Demony wojny, czyli II Wojna Światowa w kinie – cykl artykułów KMF
W tym tygodniu do polskich kin wchodzi z dawna wyczekiwane „Miasto 44”. Mniejsza o to, czy spełni pokładane w nim nadzieje, czy jednak potwierdzi pesymistyczne głosy od zawsze jednoznacznie ironizujące ze współczesnego kina polskiego. Film Komasy ocenimy już w tym tygodniu, prawdopodobnie dzięki kilku recenzjom, których autorzy – mamy nadzieję – w swoich opiniach będą się różnić bardzo mocno.
Teraz jednak proponujemy Wam cykl tekstów powiązany tematycznie z „Miastem 44”, choć mierzący się z II Wojną Światową znacznie szerzej. Biorąc pod uwagę tylko Powstanie Warszawskie poruszalibyśmy się pośród dobrze znanej klasyki polskiej, jednak szybko zdecydowaliśmy, że bardziej nośne będzie wyjście poza poza zniszczoną Warszawę czy Polskę. Zresztą, wrzesień od zawsze jest miesiącem „wojennym” z wiadomych powodów, dlatego też przyglądamy się najlepszym filmom wojennym biorącym na tapetę lata 1939-1945. Sięgniemy po hollywoodzką klasykę i europejskie dramaty. Sięgniemy po tytuły ikoniczne dla gatunku, wszędzie i zawsze przywoływane, ale zdmuchniemy również kurz z filmów trochę zapomnianych.
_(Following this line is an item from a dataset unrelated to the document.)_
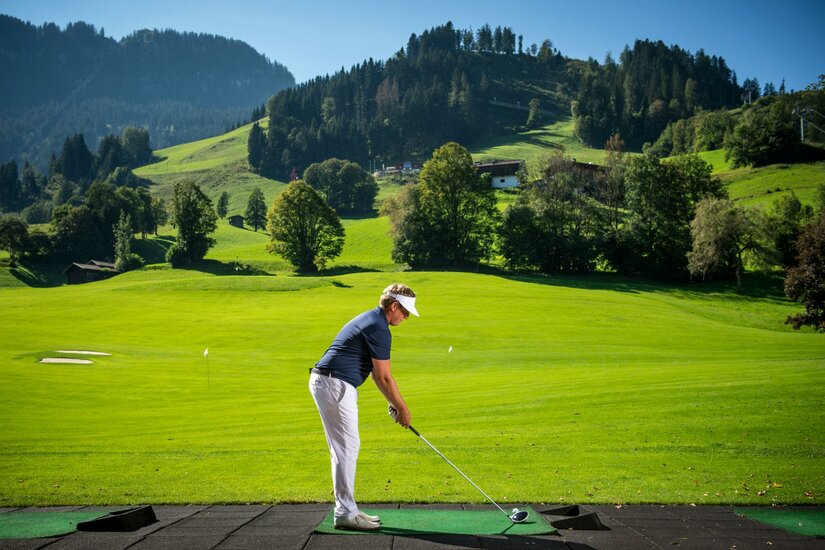 Ein Golfer steht auf einer Driving Range inmitten einer grünen Landschaft. Im Hintergrund sind sanfte Hügel und Bäume zu sehen.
Nie próbowaliśmy znaleźć jakiegoś wspólnego klucza – innego niż II Wojna Światowa – dla wybranych tytułów. Będziemy rzucali się na różne pola bitewne – od tych najbardziej spektakularnych, efektownych po te najbardziej intymne, osobiste spojrzenia na wojnę. Co z tego wyjdzie? Mamy nadzieję, że niezły przewodnik po tym, co trzeba, co warto i co wypada znać. I to nie tylko z punktu widzenia miłośnika kina batalistycznego.
Od jutra codziennie jeden tekst (a mamy ich kilkanaście).